Hanuschkin A, Herrmann JM, Morrison A, Diesmann M - J Comput Neurosci (2010)

Bottom Line: Here, we map the propagation of activity in a chain to a linearly evolving preferred velocity, which results in parabolic segments that fulfill the two-thirds power law.The model provides an explanation for the segmentation of the trajectory and the experimentally observed deviations of the trajectory from the parabolic shape at primitive transition sites.Furthermore, the model predicts low frequency oscillations (<10 Hz) of the motor cortex local field potential during ongoing movements and increasing firing rates of non-specific motor cortex neurons before movement onset.

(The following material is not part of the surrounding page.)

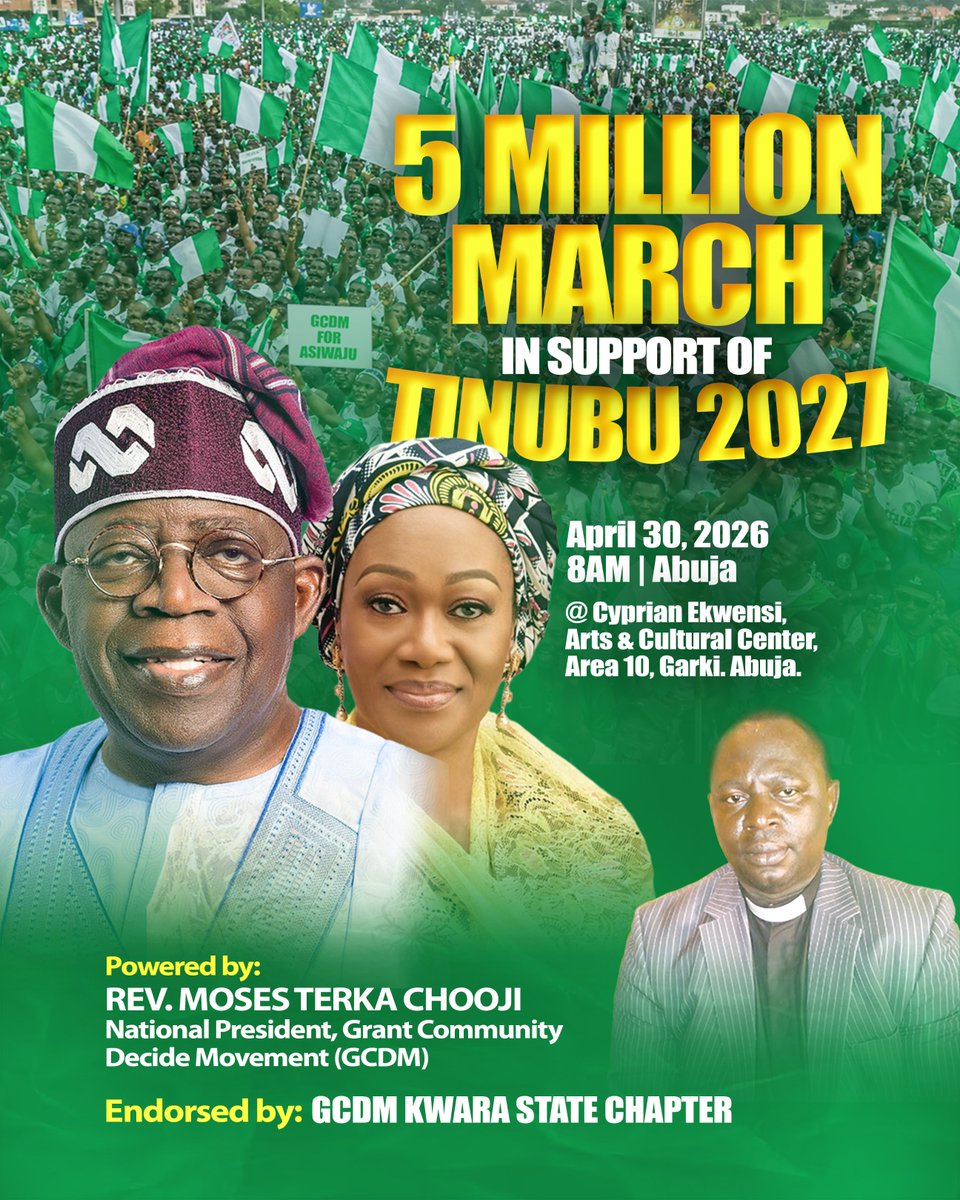 nelfankwara's tweet photo. We stand in solidarity with Mr. President. We remain confident that, by the grace of God, the necessary steps have been taken. We acknowledge the efforts made so far, and we trust that the intended outcomes will soon become a reality for all Nigerians.

#tinubu2027 #gcdm https://t.co/jWknnexQXq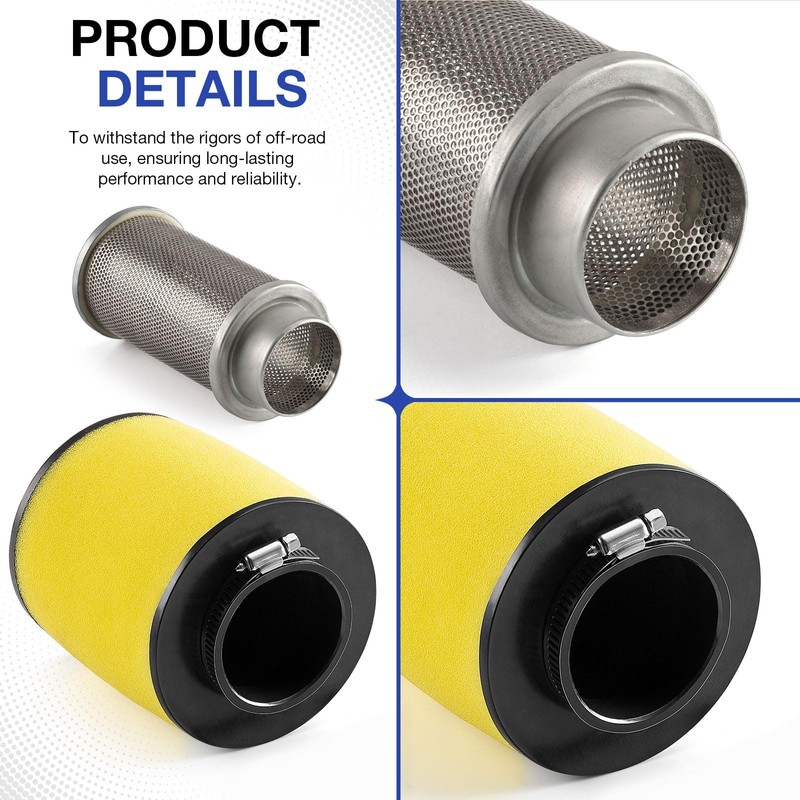 Air Filter Cleaner Body Guide Seal Spark Plug for Honda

View Article: PubMed Central - PubMed

Affiliation: Functional Neural Circuits Group, Faculty of Biology, Schänzlestrasse 1, 79104, Freiburg, Germany. hanuschkin@bccn.uni-freiburg.de

ABSTRACT
We present a biologically plausible spiking neuronal network model of free monkey scribbling that reproduces experimental findings on cortical activity and the properties of the scribbling trajectory. The model is based on the idea that synfire chains can encode movement primitives. Here, we map the propagation of activity in a chain to a linearly evolving preferred velocity, which results in parabolic segments that fulfill the two-thirds power law. Connections between chains that match the final velocity of one encoded primitive to the initial velocity of the next allow the composition of random sequences of primitives with smooth transitions. The model provides an explanation for the segmentation of the trajectory and the experimentally observed deviations of the trajectory from the parabolic shape at primitive transition sites. Furthermore, the model predicts low frequency oscillations (<10 Hz) of the motor cortex local field potential during ongoing movements and increasing firing rates of non-specific motor cortex neurons before movement onset.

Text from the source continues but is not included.